Instructions to follow> Below is a listing with pictures in it. Copy it exactly without them.

Information supplied>
──────────────────────────────

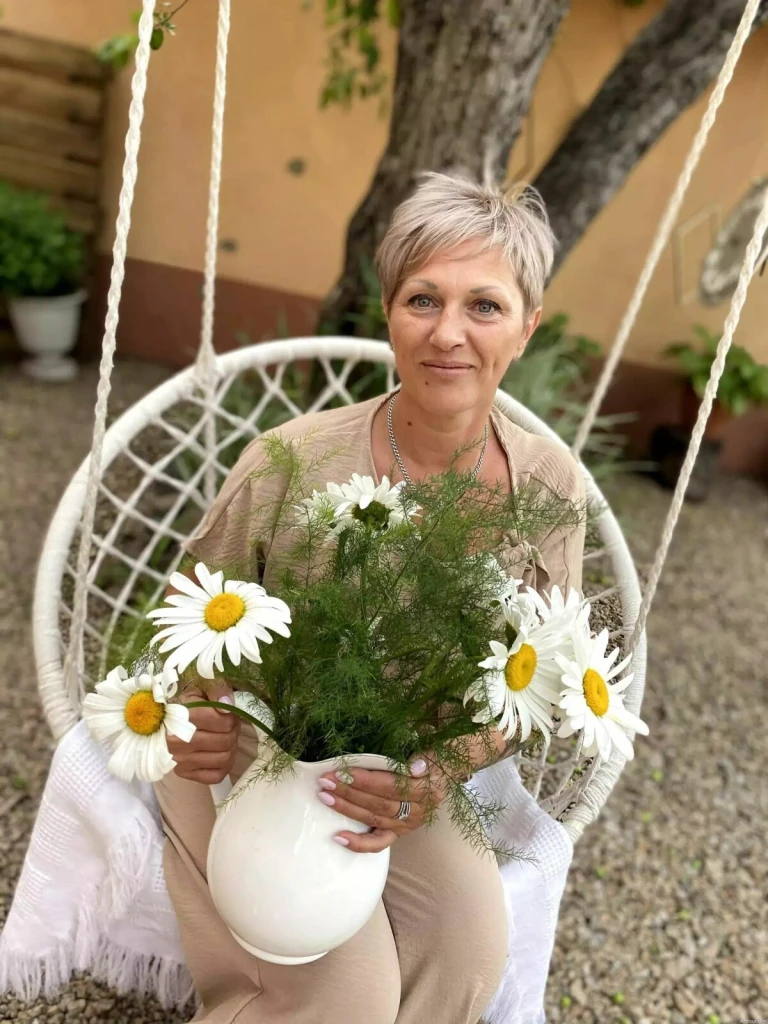 Anna Profile image 4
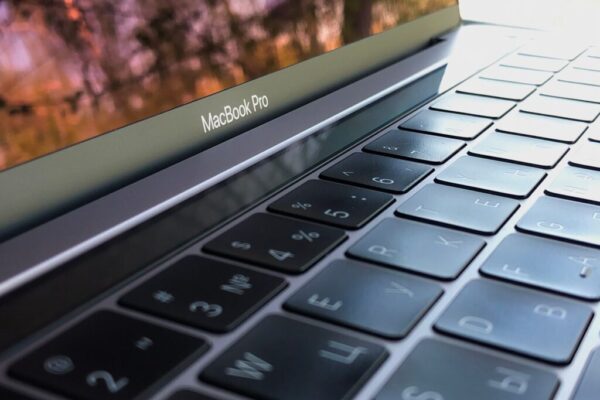 MacBook Pro M4 Max — Laptop Reviews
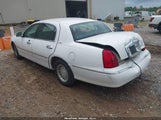 Lincoln Town Car Executive 1LNHM81W61Y684429 снимка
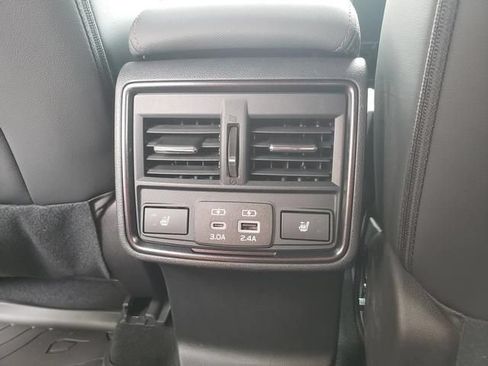Used 2026 Subaru Forester Touring AWD/4WD image 12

──────────────────────────────

Response to the exercise>
 Anna Profile image 4
 MacBook Pro M4 Max — Laptop Reviews
 Lincoln Town Car Executive 1LNHM81W61Y684429 снимка
Used 2026 Subaru Forester Touring AWD/4WD image 12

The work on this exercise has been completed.